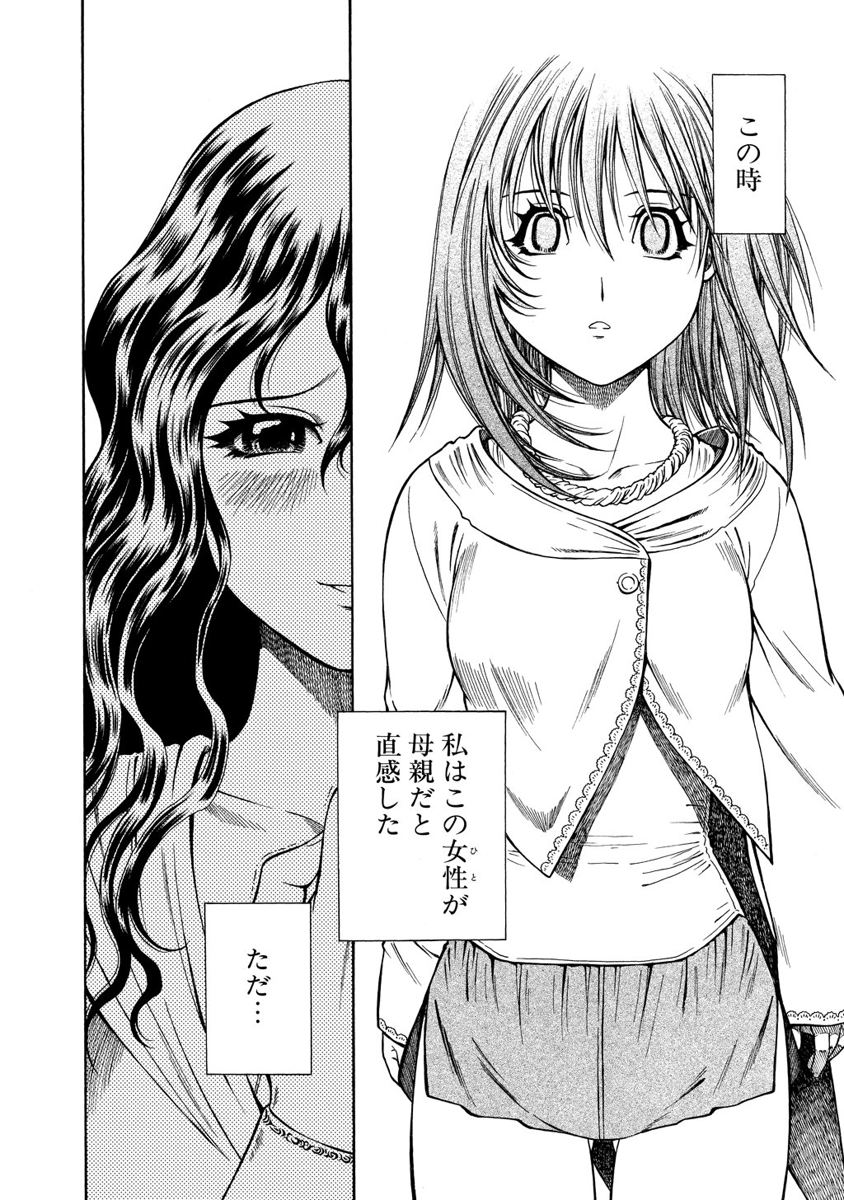 Jarman Complex Chapter 14 26ページ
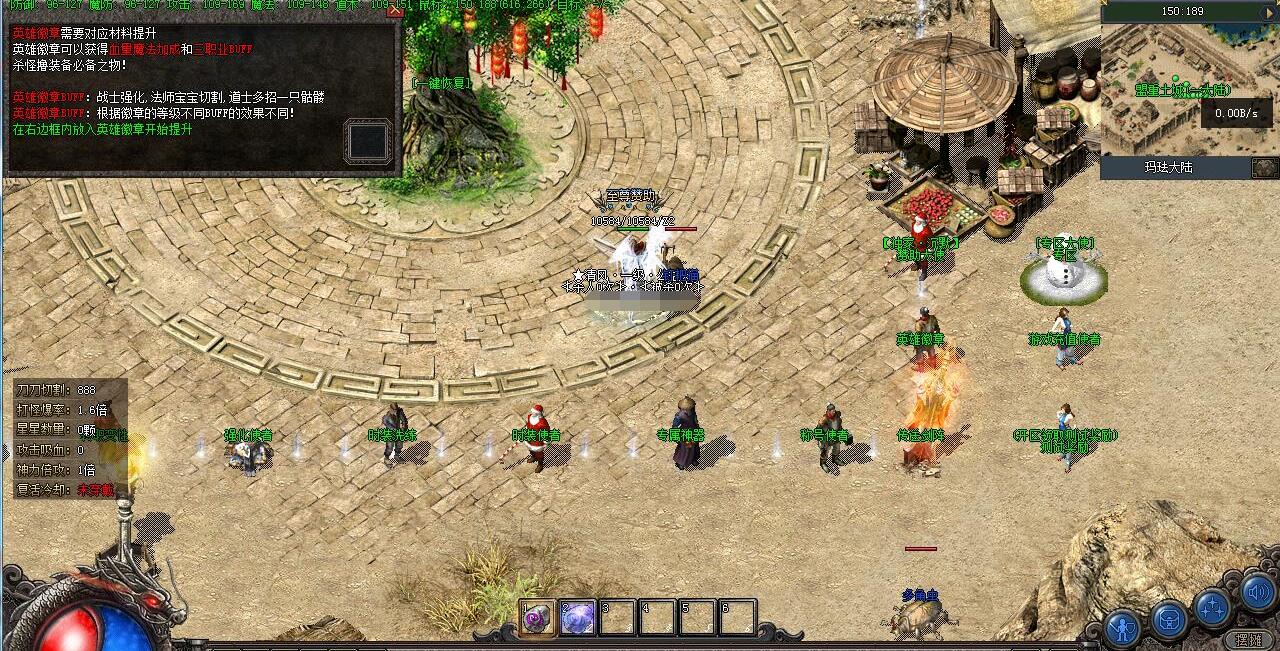 沉默古迹三职业版永久一级翎风引擎巅峰战神域外天魔传奇服务端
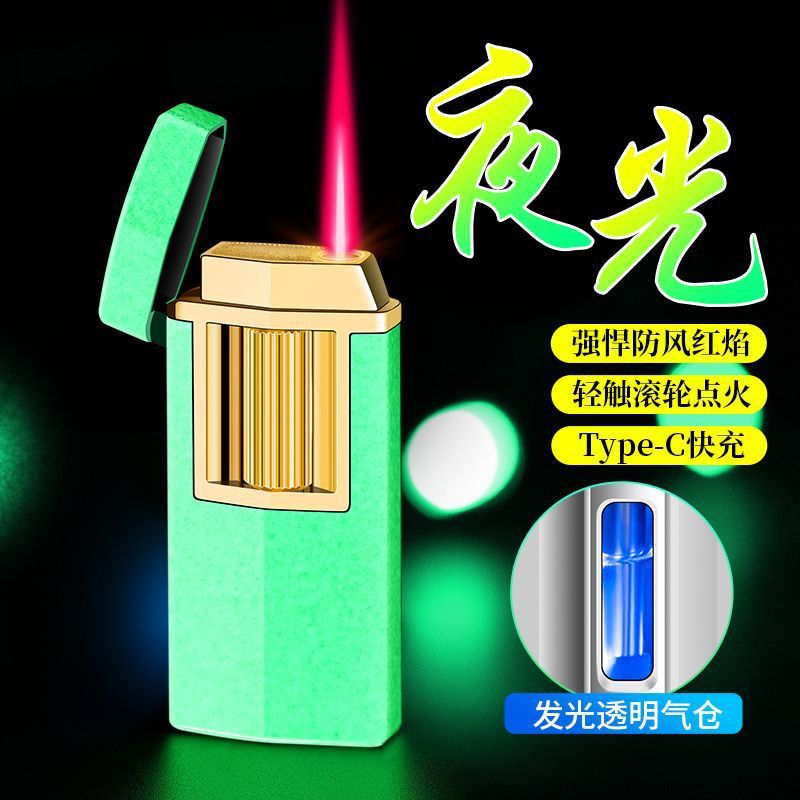 侧滑电子感应防风打火机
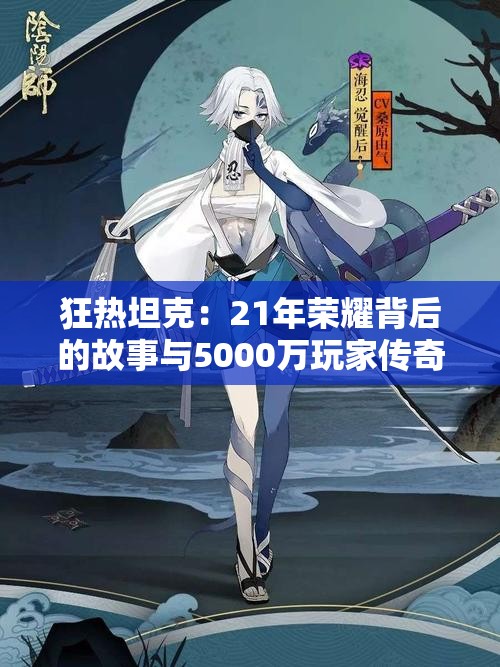 狂热坦克：21年荣耀背后的故事与5000万玩家传奇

◆ ◆ ◆

→ What you need to do: When you retype the listing, keep every line exactly as it is and drop the pictures.

→ Result:
 Jarman Complex Chapter 14 26ページ
 沉默古迹三职业版永久一级翎风引擎巅峰战神域外天魔传奇服务端
 侧滑电子感应防风打火机
 狂热坦克：21年荣耀背后的故事与5000万玩家传奇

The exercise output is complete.